The Bombay High Court on Saturday dismissed as “devoid of merits” a plea by MEP Infrastructure Developers Ltd and Ozoneland Private Limited, the companies which as a consortium had bid for a tender floated on June 7 about appointment of toll collection operator for nearly three years at Rajiv Gandhi Sea Link (Bandra-Worli Sea Link) toll plaza.
Their bid was rejected earlier on July 6 by the Maharashtra State Road Development Corporation Sea Link Limited (MSRDC Seal Link Limited) as “non- responsive”, referring to the outstanding dues owed by the subsidiary companies of MEP Infra to the extent of Rs. 408.83 crore.
The firms then approached the High Court challenging the disqualification and sought their rejection to be quashed calling it “arbitrary”.
A division bench of Chief Justice Dipankar Datta and Justice Makarand S Karnik passed the judgement on Saturday on a petition filed by MEP Infra and Ozoneland.
Appearing for the petitioners, senior advocate Venkatesh Dhond submitted that their disqualification was perverse as one of the other two bidders had not even submitted the no dues certificate and yet their bid was not rejected.

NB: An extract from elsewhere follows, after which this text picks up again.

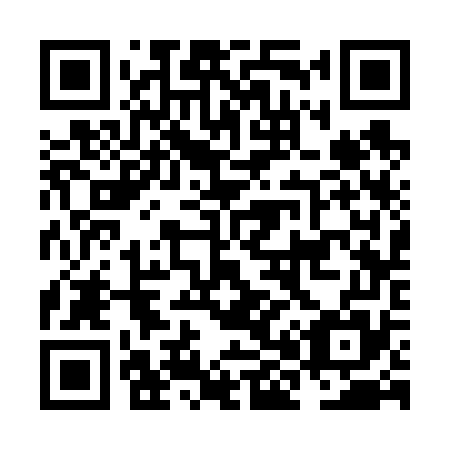 QR code for NH 3675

“This was deliberate to ensure that the process does not fall through because of a single valid bid being received,” Dhond argued.
He also submitted that acceptance of financial bids of the petitioners would have resulted in respondent authorities saving money.
Senior advocate Milind Sathe representing respondents MSRDC Sea Link Ltd and MSRDCL, however, submitted that such a bidder had correctly given a declaration that it had no subsisting contract with MSRDCL and therefore no-due certificate was not insisted upon.
Sathe said that there was no illegality in rejecting the technical bid of the petitioner firms and their plea be dismissed.
“We have no hesitation in holding that this is not a case where the decision to reject the technical bid of the petitioners is either mala fide or that the decision made is so arbitrary and irrational that an authority acting reasonably and in accordance with the relevant law could never have reached such decision or that the decision is against public interest,” the bench observed.
“That apart, drawing from our judicial experience, we may unhesitatingly refer to a common trend of ineligible bidders offering a lower/higher bid than the eligible bidders and then raising a plea of how the ‘state’ would have benefited financially if its bid were accepted to arouse judicial conscience to prevent unnecessary drainage from the public exchequer. Unmeritorious pleas such as these ought not to detain us for a moment and deserve outright rejection, which we hereby do… The writ petition stands dismissed. Interim order, if any, stands vacated forthwith,” the High Court held.
The High Court rejected the petitioners’ request to stay operation of its judgement.